What is your current role?

My days are always exhilarating as Verit Advisors’ founder and CEO, primarily because I oversee talent identification and development, client identification and development, exceptional execution, strategy, operations, culture and fun. I am proudest when seeing our client-centric values and teamwork culture steadily influence a quality, high-integrity approach to middle market banking.

Describe your influence on the middle market?

We enjoy being at the forefront of industry thought leadership. One current trend is professional service companies that are abandoning legacy partnership structures in favor of an employee ownership model. We view this migration, both mathematically and qualitatively, as a win-win for both the transitioning and new partners, as well as the company’s growth and culture. We believe more fast-growing, high-quality companies, such as Aarete and MorganFranklin Consulting, both transactions we led, will embrace this model.

Describe a challenge you overcame?

I’m passionate about privately held businesses, especially multi-generational family businesses, viewing them as the fabric of America. My major challenge in launching Verit Advisors in 2009 was determining how to develop a client-centric, team-driven, relationship-oriented culture in middle market investment banking to support the work and dreams of these business owners. Fortunately, I reached out to mentors and, with like-minded professionals, founded Verit to focus on a thoughtful approach to helping business owners reach their objectives.

How do you support women?

I’m fortunate to be part of The Chicago Network, a group of executive women committed to identifying and providing mentorship for future leaders.
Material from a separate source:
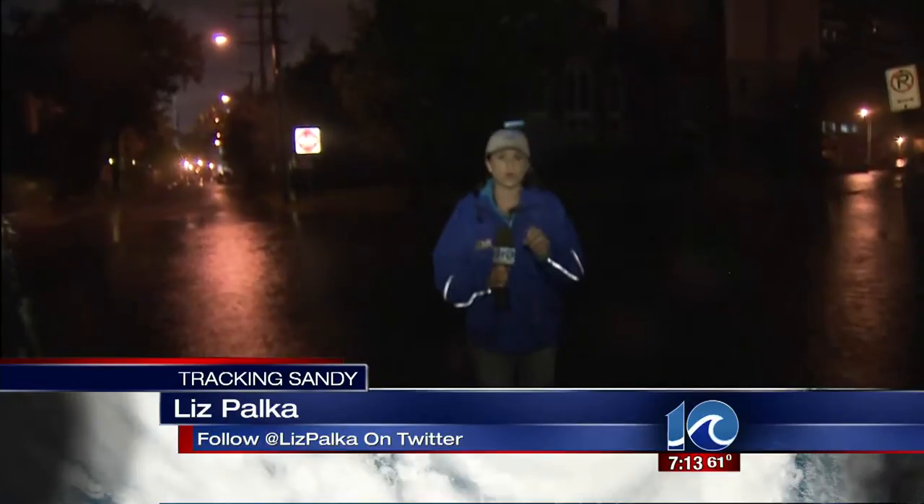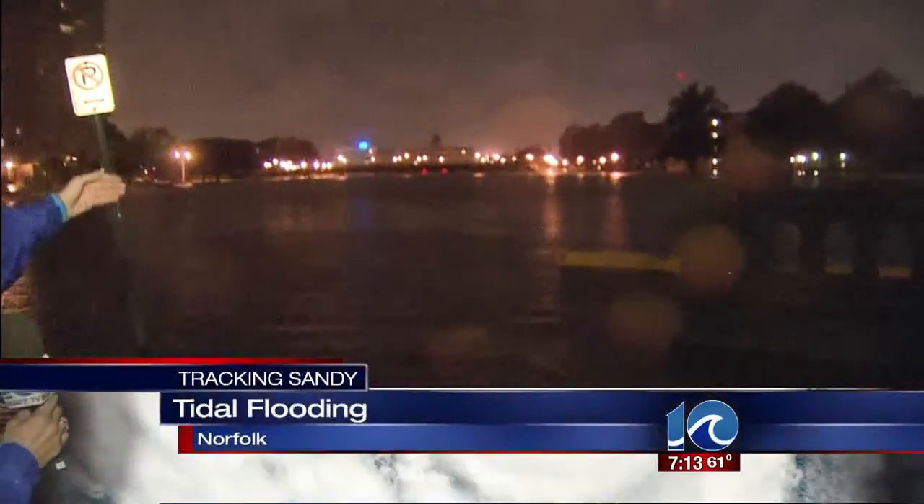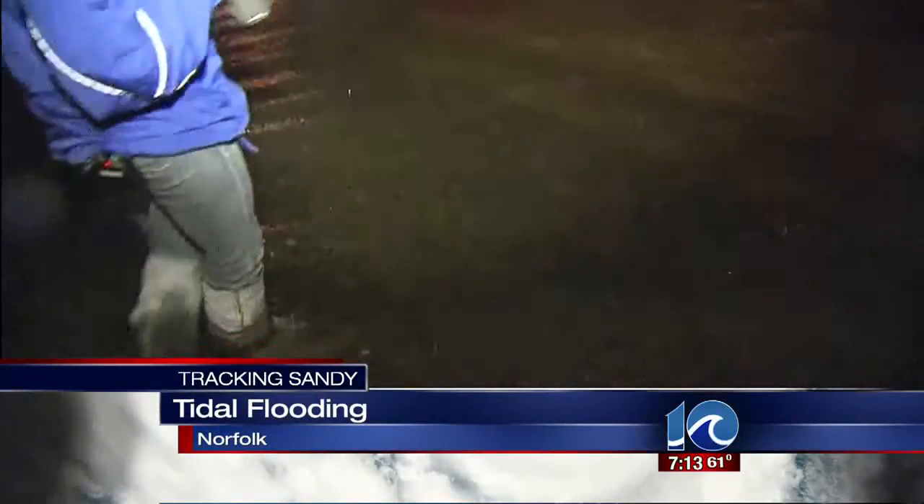I just want to give you an idea of what we're already seeing out here by the Hague in Norfolk. The water is already overflowing onto the streets. In fact, in some areas, the water is almost a foot deep right now. And then looking out behind me, the Hague — I can't even tell where it begins and ends and where the sidewalk begins and ends.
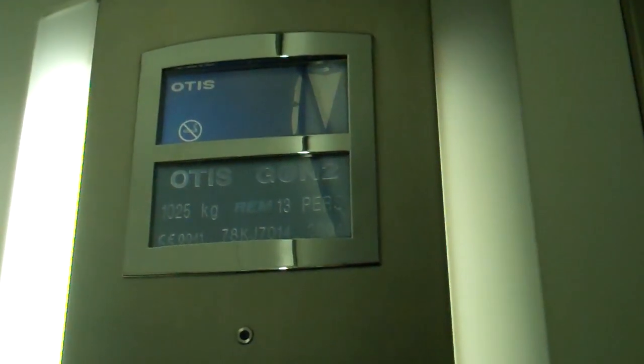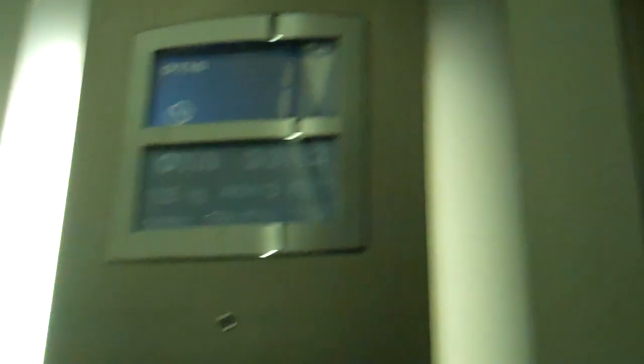Here we are at one — these doors here. Going back down to G. Here we are back at G.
Our annual Women At The Forefront luncheon and Launchpad Series exemplify that mission. I am also active in the women’s group for ACG, which has created outreach and programming for women professionals; serve on several private company boards, often as the first woman member; and offer insights to women and businesses privately.

What is your advice for women?

Many people didn’t think I could succeed as both the mother of five and the CEO of a fast-growing investment bank. My advice: Don’t let others define what you can and can’t do. Your professional and personal passions are not mutually exclusive, unless you make them so. Be yourself. Seek both sponsors and mentors. Network to find someone outside your organization to brainstorm conversations you may need to have inside your organization.

When you’re not making deals, what is your favorite thing to do?

Deals run fast and often intensely. As a counter balance, I love spending relaxed time with my friends, husband, five kids and 41 nieces and nephews. I am an avid runner and skier and enjoy spending family time in the mountains. I’m working on regaining my French fluency as my eldest recently married his longtime French girlfriend in France.

What other career path might you have chosen?

It’s interesting how I’ve learned more about myself through each career experience, from my first job at Continental Illinois National Bank, through my Education at University of Chicago’s Booth Business School, and including launching my own investment bank in 2009. My current career complements me so well. I feel truly blessed to have navigated towards a profession that continuously provides invitations for personal and professional growth. Further, my ability to make a difference is deeply rewarding. My advice to women is to always be learning and questioning. With authenticity to yourself you will navigate to a richly rewarding place for yourself.